### Supplied information
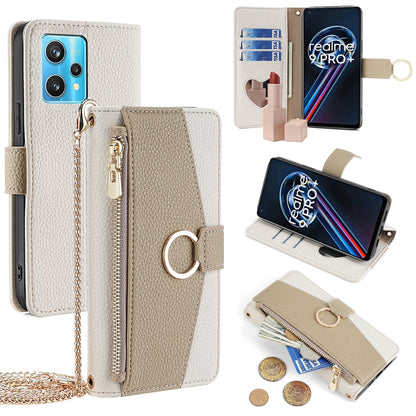 Realme 9 Pro+ Crossbody Phone Case with Litchi Texture Leather, Adjustable Kickstand, Card Slots, Zipper Purse, Makeup Mirror, and TPU Protection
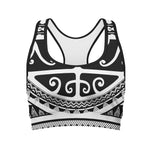 Polynesian Tribal Tattoo Pattern Print Women's Sports Bra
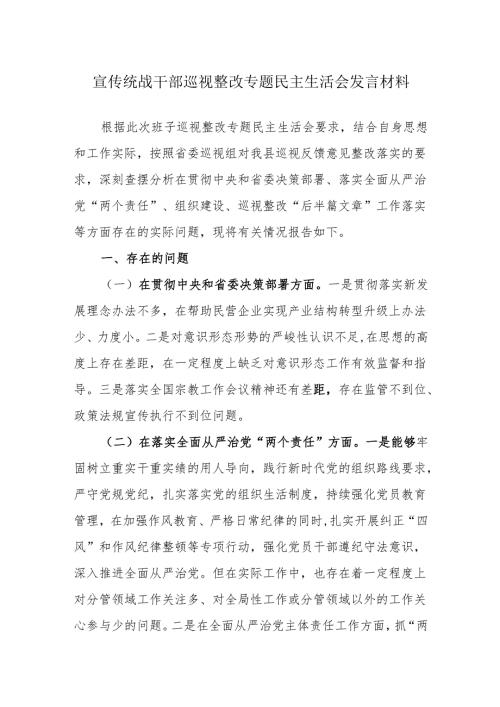 宣传统战干部巡视整改专题民主生活会发言材料.docx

### Description of the task
Set down the data again, exactly, without images.

### Output of the task
 Realme 9 Pro+ Crossbody Phone Case with Litchi Texture Leather, Adjustable Kickstand, Card Slots, Zipper Purse, Makeup Mirror, and TPU Protection
 Polynesian Tribal Tattoo Pattern Print Women's Sports Bra
 宣传统战干部巡视整改专题民主生活会发言材料.docx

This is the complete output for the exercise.